__What to do__: Look below for the line with "FUFU&GAGA Modern High" and the line with "map of restaurants, bars, coffee". Copy exactly those two lines and every line between, but not the pictures.

__Given records__:
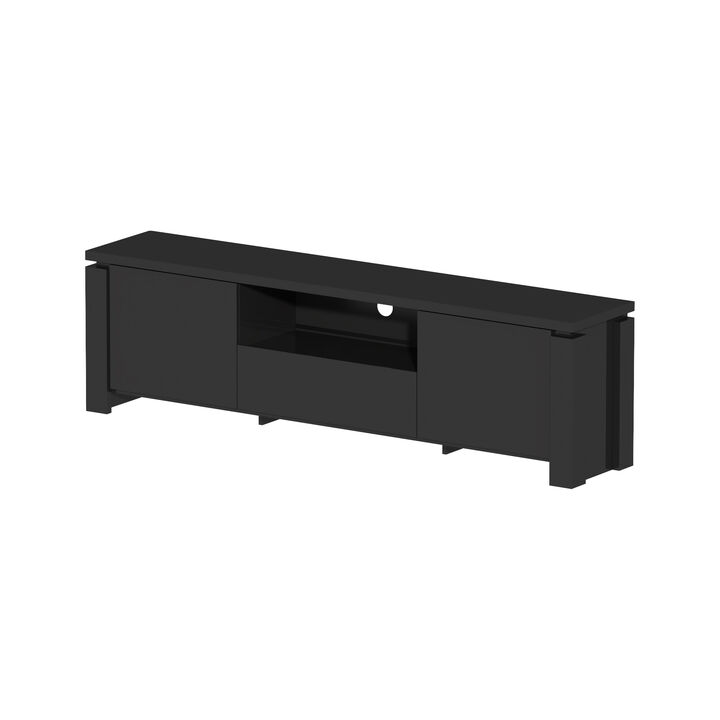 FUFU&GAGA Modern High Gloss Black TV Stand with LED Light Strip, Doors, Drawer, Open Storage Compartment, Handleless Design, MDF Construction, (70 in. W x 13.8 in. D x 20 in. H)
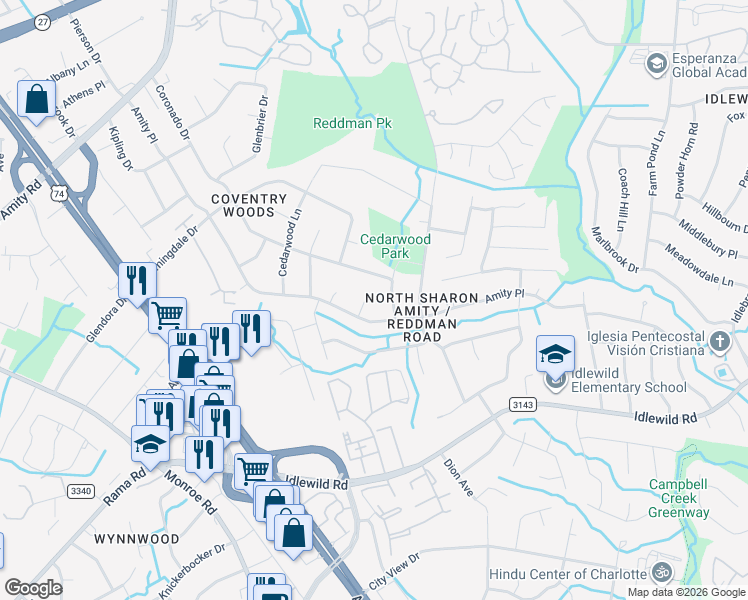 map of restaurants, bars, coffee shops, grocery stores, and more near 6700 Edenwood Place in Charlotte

---

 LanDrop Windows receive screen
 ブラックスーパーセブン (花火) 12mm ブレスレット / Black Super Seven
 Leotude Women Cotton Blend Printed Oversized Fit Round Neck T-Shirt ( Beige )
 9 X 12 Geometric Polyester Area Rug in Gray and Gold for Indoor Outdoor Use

__Solution to the exercise__:
 FUFU&GAGA Modern High Gloss Black TV Stand with LED Light Strip, Doors, Drawer, Open Storage Compartment, Handleless Design, MDF Construction, (70 in. W x 13.8 in. D x 20 in. H)
 map of restaurants, bars, coffee shops, grocery stores, and more near 6700 Edenwood Place in Charlotte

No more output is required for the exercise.